**Source information:**
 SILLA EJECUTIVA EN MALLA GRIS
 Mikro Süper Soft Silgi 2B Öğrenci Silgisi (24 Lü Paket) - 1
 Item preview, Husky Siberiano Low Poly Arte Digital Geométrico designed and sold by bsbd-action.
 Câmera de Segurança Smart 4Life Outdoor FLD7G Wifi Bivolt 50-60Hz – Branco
* * *
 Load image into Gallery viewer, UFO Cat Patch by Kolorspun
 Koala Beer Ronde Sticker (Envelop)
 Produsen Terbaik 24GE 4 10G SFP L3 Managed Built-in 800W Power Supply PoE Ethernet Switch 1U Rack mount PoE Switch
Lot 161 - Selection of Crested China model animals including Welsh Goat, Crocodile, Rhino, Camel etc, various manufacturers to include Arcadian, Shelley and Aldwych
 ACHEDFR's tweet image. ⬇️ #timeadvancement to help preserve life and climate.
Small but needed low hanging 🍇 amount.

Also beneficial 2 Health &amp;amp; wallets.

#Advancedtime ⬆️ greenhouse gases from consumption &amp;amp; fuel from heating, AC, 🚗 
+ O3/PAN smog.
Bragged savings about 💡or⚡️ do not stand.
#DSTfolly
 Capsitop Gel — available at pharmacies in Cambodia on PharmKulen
* * *
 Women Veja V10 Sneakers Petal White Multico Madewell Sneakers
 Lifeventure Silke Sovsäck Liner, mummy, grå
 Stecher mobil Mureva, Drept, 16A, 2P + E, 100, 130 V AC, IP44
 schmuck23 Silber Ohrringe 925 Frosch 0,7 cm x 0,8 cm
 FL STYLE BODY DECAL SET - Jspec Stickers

**What you are asked to do:** Return only the part of the records above that opens with the line containing "Stecher mobil Mureva, Drept, 16A, 2P" and closes with the line containing "FL STYLE BODY DECAL SET - Jspec Stickers", ends included.

**Answer to this exercise:**
 Stecher mobil Mureva, Drept, 16A, 2P + E, 100, 130 V AC, IP44
 schmuck23 Silber Ohrringe 925 Frosch 0,7 cm x 0,8 cm
 FL STYLE BODY DECAL SET - Jspec Stickers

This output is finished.